# Homework Help: Factoring polynomial over rings

1. Nov 28, 2011

### llstelle

1. The problem statement, all variables and given/known data

Factor x^3+3x+6 over Z5, Z10, Z, Q and ℝ.

2. The attempt at a solution

For Z5, I have the roots of x^3+3x+1 in Z5, x=2=-3 and x=3=-4, so x+3 and x+4 are factors. By long division of x^3+3x+1, it is found that x+3 is a repeated factor, so x^3+3x+6=(x+4)(x+3)^2.

For Z and Q, Eisenhart's criterion is satisfied with 3, hence x^3+3x+6 is irreducible over Q, and hence Z.

For Z10 and ℝ... I don't really get how to do this problem. Is there a consistent way to work out the factors for Z10? It seems like a lot of effort. Also, I noticed that x^3+3x+6 has one real root over ℝ, and so I can factor it neatly to a linear factor (with real root) and a quadratic factor with two complex roots, but I only managed to get these roots with a computational method - and they have pretty long but explicit expressions, so again, my question: is there a proper way to work out the roots by hand here?

Thanks!

2. Nov 28, 2011

### I like Serena

Welcome to PF, llstelle!

First off, x=3 is not a root in Z5, but x=1 is.

For Z10 you only need 1 root. Is perhaps x=1 or x=2 also a root in Z10?

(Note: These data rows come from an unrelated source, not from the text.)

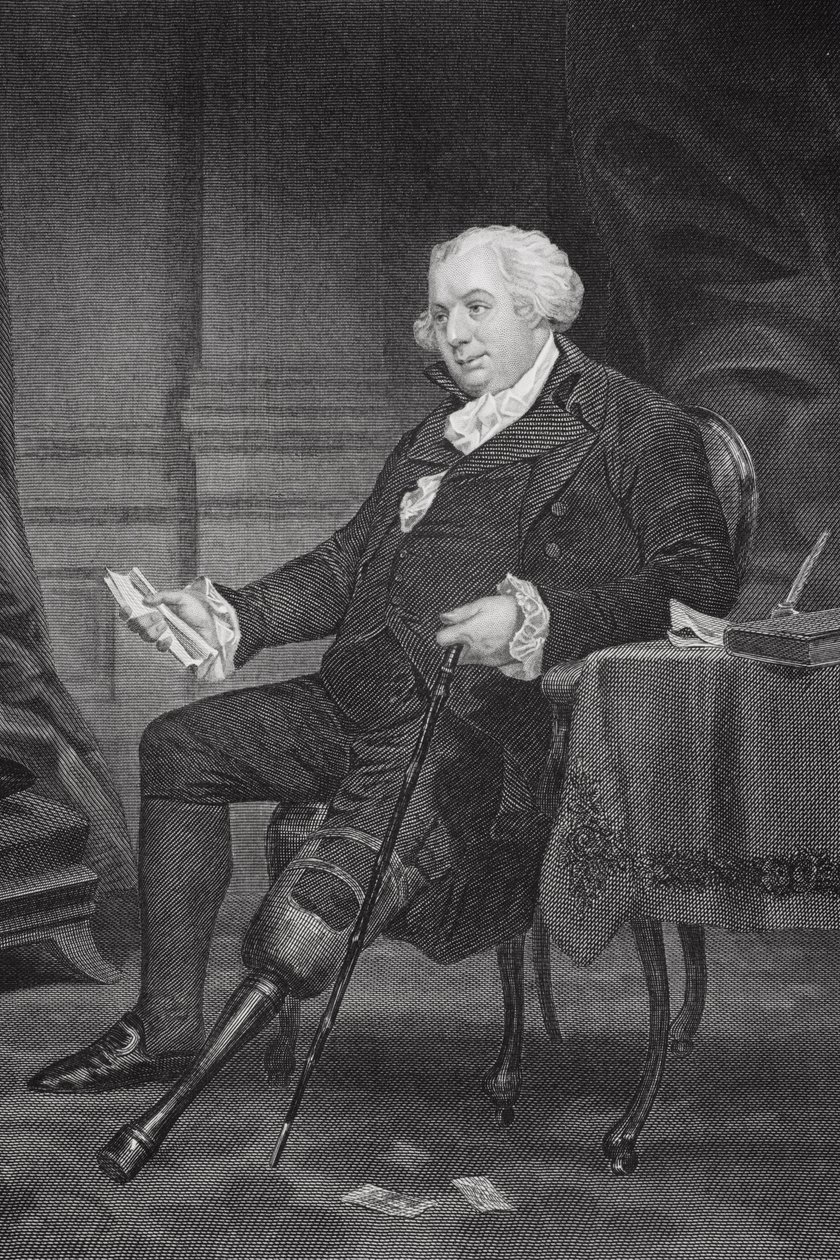 Porträt Gouverneur Morris von Alonzo Chappel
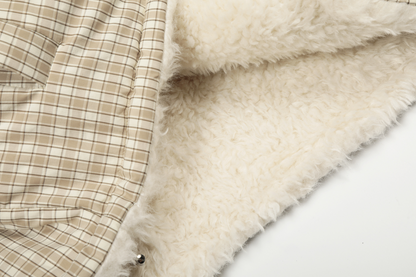 リバーシブルボアジャケット/2color/cm0069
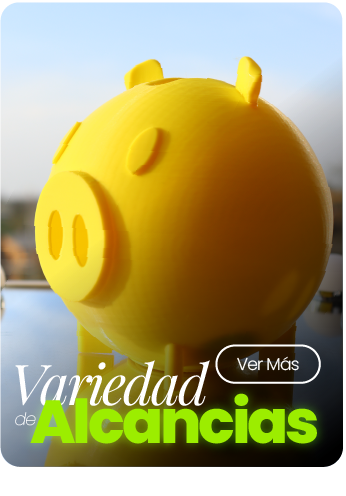 Variedad alcancías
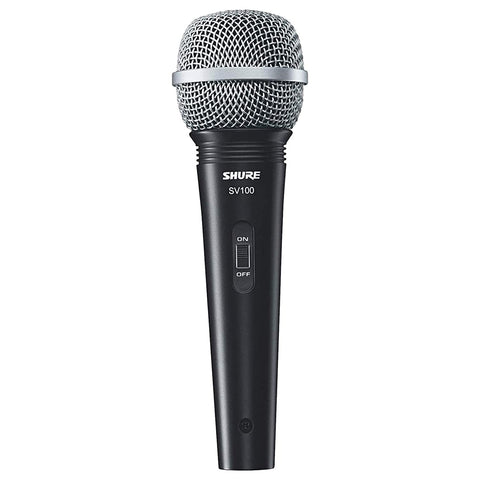 Shure SV100 Vocal Microphone - Braganzas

For R, I think you're stuck with the complicated solutions.
But here's a general method that gives the answer fairly easily:

Starting with $x^3+3x+6=0$.

Substitute x=y+z, meaning you have a free choice for either y or z.
So $(y+z)^3+3(y+z)+6=0$

$\Rightarrow (y^3+z^3+3y^2z+3yz^2) + 3(y+z)+6=0$

$\Rightarrow y^3+z^3+3(yz+1)(y+z)+6=0$

Choose z such that $yz+1=0$, or $z=-{1 \over y}$
Then: $y^3 - {1 \over y^3} + 6 = 0$
$\Rightarrow (y^3)^2 + 6(y^3) - 1 = 0$

Solve as a quadratic equation and back substituting z gives:
$$x=y+z=\sqrt[3]{-3 + \sqrt{10}} - {1 \over \sqrt[3]{-3 + \sqrt{10}}}$$
or
$$x=y+z=-\sqrt[3]{3 + \sqrt{10}} + {1 \over \sqrt[3]{3 + \sqrt{10}}}$$

Note that both solutions are the same root.

3. Nov 28, 2011

### llstelle

Hello! Oh oops, that was a typo - yes I have x=1 as a root of the equation for Z5. And thanks for the general solution for ℝ! I've never done that before. I've been taught to test numbers until I find a root, then divide the cubic equation by the linear factor to find a quadratic factor, and use the general solution for a quadratic equation for the quadratic factor.. ): This is so much neater!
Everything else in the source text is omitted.